Cornell University, Ithaca NY

Investigators

Abstract

A common feature of my proposals is the use of algebro-geometric degeneration to study an interesting irreducible variety in terms of the many components it breaks into in a limit. Such degenerations are usually very destructive of the geometry, but the original and limiting schemes may define the same (equivariant) cohomology class in some ambient space. The degenerations I intend to study are (1) of moduli spaces of representations of quivers, where the type A case has become well understood in the last three years but types D,E are totally open; (2) of nilpotent orbits in Lie algebras, to the normal cones of their upper triangular part. The homology of the upper triangular part carries a (Springer) representation of the corresponding Weyl group; the normal cone I study has more components and, in the example I can compute so far, carries a representation of a richer algebra; (3) of subvarieties of projective space to reduced schemes with finite maps to projective space, where the degree of the map carries the information more usually seen in the nonreduced structure of the limit subscheme. If we replace a polynomial equation, like xy = zw, by one of its monomials, like xy = 0, the locus of solutions can often be made to retain the same volume even as it breaks into pieces. Where xy=zw has interesting nonflat geometry, but cannot be factored into pieces, xy=0 has interesting discrete structure (it has two pieces, x=0 and y=0, which intersect one another) even though each piece is flat.

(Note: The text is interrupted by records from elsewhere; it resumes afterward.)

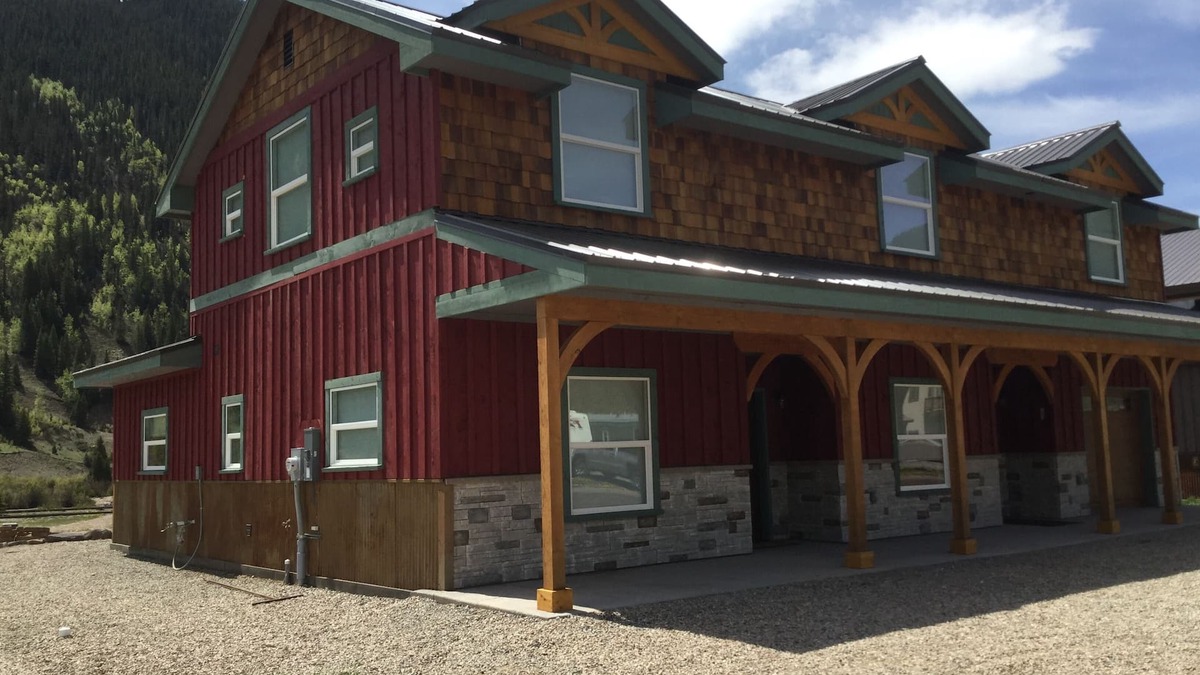Silverton House | Best view of Kendall Mountain! Easy & ample truck and trailer parking!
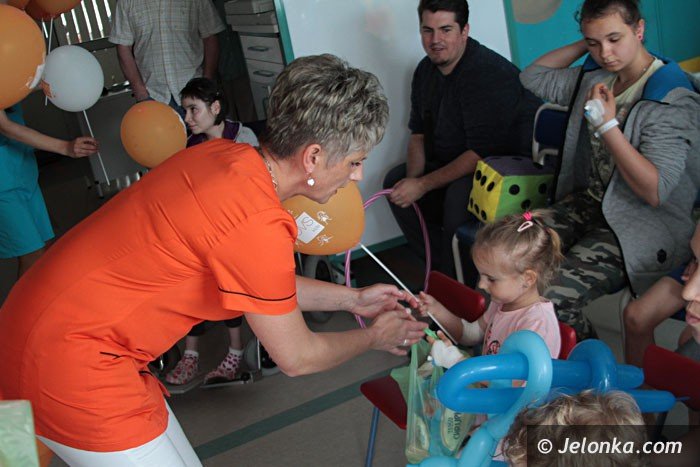terapia-zabawa-i-smiechem-szpitalnych-dzieci-foto-63489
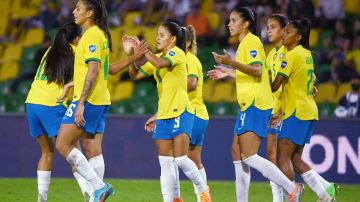 Brasil goleó a Argentina en el inicio de la Copa América femenina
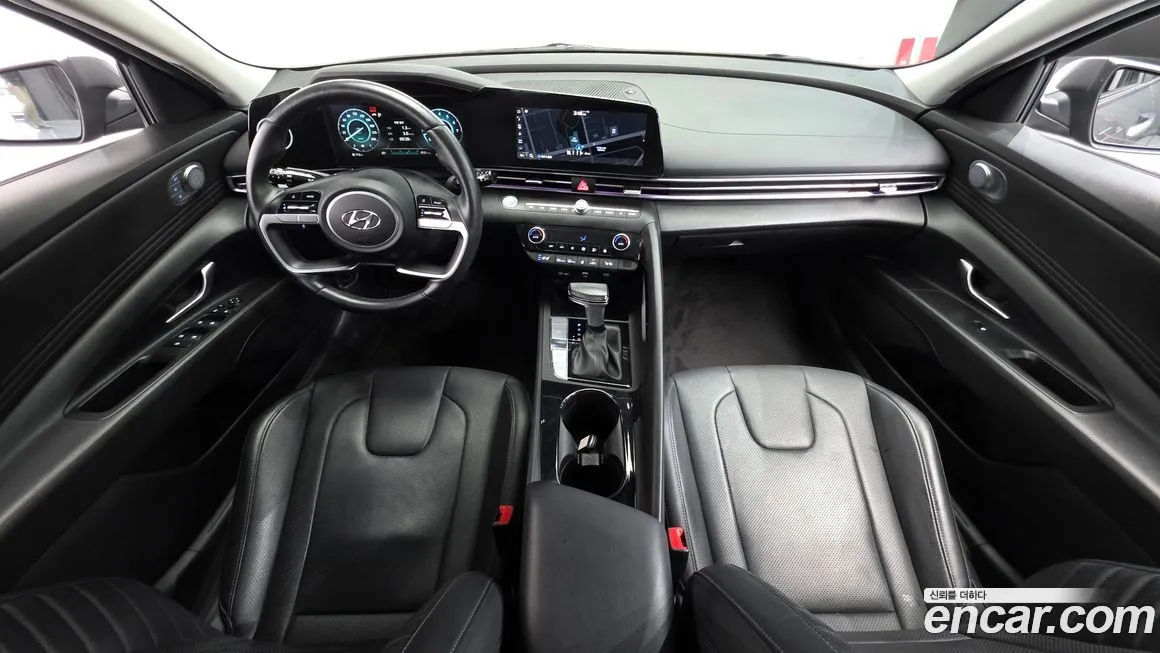 Hyundai AVANTE — фото 3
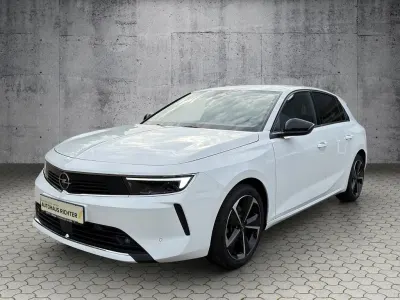 Gebraucht Opel Astra 131 PS (96 kW) 2023 Weiß Kleinwagen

In the general setup, we have many polynomial conditions to begin with, and each is degenerated" to a simpler polynomial containing only some of the original monomials; a complicated condition guarantees that the dimension and volume of the solution set remains constant. In my work I study these degenerations where the ambient space is a space of (lists of) matrices, and the original equations are natural matrix conditions like "matrices whose square is zero". The difficulty comes in finding degenerations that preserve the dimension and volume, and then studying the resulting equations to understand the simpler pieces into which the degenerate locus factors. The resulting discrete structure is then of great interest combinatorially, and sheds light on the (topologically important) volume of the original locus.